Record excerpts.
• • • • •

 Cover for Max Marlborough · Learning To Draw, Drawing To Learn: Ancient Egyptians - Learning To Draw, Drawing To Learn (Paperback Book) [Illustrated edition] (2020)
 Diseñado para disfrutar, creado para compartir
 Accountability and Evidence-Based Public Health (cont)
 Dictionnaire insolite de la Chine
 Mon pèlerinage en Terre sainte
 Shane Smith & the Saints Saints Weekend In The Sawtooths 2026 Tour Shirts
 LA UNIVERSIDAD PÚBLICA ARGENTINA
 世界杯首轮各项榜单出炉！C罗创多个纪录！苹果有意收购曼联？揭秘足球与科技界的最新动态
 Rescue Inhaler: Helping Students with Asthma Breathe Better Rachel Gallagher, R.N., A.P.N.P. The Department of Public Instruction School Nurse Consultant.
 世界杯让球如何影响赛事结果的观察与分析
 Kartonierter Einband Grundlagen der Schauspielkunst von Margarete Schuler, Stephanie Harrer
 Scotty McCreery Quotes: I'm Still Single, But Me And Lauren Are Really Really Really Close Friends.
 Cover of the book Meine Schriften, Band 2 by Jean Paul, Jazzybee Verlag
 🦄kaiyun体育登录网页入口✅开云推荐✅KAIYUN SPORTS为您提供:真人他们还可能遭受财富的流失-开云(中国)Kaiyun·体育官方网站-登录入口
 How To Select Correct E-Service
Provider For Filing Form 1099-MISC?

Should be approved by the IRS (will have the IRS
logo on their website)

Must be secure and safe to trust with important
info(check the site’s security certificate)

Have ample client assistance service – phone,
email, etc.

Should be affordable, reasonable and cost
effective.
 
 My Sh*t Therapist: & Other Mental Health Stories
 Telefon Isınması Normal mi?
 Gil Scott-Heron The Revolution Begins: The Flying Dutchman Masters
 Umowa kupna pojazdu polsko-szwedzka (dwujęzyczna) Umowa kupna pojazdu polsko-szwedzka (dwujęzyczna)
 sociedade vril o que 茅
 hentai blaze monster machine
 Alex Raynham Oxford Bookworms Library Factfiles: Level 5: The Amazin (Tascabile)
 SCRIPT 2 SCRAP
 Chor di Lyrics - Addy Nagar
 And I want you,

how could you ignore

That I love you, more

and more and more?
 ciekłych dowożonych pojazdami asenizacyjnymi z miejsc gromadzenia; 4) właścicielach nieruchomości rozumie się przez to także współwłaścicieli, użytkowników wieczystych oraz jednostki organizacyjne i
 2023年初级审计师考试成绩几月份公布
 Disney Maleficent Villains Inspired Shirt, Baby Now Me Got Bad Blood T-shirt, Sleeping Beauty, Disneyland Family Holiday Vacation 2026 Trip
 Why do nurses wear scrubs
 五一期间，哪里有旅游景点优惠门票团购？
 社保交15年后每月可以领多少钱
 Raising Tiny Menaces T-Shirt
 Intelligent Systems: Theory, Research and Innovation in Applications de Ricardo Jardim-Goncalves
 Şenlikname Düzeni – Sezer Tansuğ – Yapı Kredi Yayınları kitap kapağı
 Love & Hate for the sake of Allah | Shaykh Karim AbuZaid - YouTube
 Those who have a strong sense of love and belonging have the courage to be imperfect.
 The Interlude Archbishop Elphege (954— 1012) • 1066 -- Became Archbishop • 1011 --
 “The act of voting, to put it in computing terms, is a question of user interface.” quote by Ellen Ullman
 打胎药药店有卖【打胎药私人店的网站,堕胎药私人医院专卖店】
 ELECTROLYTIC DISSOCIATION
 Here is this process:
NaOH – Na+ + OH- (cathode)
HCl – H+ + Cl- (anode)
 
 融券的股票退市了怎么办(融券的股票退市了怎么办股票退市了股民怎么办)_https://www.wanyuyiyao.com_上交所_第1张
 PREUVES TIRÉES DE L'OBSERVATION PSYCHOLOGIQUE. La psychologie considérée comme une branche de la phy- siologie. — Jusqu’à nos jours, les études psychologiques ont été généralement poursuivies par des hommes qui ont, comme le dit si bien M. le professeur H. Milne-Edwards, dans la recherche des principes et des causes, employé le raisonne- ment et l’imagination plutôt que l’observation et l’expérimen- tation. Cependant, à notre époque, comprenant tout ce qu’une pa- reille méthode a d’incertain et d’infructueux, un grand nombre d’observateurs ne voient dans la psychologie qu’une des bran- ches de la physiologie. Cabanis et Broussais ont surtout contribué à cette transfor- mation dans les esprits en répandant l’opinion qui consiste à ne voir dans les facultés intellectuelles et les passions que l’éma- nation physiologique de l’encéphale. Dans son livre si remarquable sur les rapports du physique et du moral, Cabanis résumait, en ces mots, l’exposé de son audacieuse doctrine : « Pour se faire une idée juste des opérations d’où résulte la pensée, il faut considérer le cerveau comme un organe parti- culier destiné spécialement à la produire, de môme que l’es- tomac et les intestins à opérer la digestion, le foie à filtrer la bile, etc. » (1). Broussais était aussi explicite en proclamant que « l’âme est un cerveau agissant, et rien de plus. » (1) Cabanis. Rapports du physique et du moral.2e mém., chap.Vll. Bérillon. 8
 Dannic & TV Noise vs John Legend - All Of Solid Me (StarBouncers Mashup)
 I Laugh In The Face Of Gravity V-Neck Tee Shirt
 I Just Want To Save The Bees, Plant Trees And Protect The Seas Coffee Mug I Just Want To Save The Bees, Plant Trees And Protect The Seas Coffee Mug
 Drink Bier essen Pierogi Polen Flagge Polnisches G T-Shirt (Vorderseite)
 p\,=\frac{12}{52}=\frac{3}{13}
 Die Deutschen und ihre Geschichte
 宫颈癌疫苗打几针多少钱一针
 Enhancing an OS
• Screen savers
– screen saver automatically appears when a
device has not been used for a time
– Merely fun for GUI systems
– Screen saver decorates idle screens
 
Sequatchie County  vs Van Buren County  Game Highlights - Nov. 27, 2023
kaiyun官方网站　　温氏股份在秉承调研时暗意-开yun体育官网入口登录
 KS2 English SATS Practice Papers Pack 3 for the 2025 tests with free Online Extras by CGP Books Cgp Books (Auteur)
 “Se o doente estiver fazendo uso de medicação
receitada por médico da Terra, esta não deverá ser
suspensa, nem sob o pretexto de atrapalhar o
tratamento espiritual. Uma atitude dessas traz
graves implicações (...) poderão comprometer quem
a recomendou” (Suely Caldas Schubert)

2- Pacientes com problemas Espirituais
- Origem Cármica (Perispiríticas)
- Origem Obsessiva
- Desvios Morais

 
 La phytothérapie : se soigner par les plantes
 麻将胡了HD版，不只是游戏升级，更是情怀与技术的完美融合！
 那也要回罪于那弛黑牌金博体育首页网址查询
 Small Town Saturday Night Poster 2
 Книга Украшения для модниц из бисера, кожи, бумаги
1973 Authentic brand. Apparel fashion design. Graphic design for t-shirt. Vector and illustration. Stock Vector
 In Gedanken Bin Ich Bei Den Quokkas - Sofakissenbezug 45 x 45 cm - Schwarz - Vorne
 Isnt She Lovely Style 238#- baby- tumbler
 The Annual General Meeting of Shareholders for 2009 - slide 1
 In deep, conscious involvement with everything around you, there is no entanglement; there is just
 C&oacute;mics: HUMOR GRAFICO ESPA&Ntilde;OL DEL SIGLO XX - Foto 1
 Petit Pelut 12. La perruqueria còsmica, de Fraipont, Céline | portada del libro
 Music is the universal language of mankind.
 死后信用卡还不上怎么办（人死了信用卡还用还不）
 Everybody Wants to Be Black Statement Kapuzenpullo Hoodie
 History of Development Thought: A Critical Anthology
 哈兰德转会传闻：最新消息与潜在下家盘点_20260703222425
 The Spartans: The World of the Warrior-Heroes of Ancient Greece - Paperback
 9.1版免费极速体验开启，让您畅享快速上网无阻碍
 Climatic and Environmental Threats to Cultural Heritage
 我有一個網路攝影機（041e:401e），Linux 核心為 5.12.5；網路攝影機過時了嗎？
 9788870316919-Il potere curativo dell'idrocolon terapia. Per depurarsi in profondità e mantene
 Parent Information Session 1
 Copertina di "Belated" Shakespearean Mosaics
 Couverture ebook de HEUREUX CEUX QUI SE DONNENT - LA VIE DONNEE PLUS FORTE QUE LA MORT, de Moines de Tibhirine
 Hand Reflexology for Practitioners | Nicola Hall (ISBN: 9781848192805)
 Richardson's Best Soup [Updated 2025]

• • • • •

Exercise instructions.
Copy the lines above exactly. Start with the line containing "社保交15年后每月可以领多少钱", end with the line containing "融券的股票退市了怎么办(融券", and include both.

Exercise solution.
 社保交15年后每月可以领多少钱
 Raising Tiny Menaces T-Shirt
 Intelligent Systems: Theory, Research and Innovation in Applications de Ricardo Jardim-Goncalves
 Şenlikname Düzeni – Sezer Tansuğ – Yapı Kredi Yayınları kitap kapağı
 Love & Hate for the sake of Allah | Shaykh Karim AbuZaid - YouTube
 Those who have a strong sense of love and belonging have the courage to be imperfect.
 The Interlude Archbishop Elphege (954— 1012) • 1066 -- Became Archbishop • 1011 --
 “The act of voting, to put it in computing terms, is a question of user interface.” quote by Ellen Ullman
 打胎药药店有卖【打胎药私人店的网站,堕胎药私人医院专卖店】
 ELECTROLYTIC DISSOCIATION
 Here is this process:
NaOH – Na+ + OH- (cathode)
HCl – H+ + Cl- (anode)
 
 融券的股票退市了怎么办(融券的股票退市了怎么办股票退市了股民怎么办)_https://www.wanyuyiyao.com_上交所_第1张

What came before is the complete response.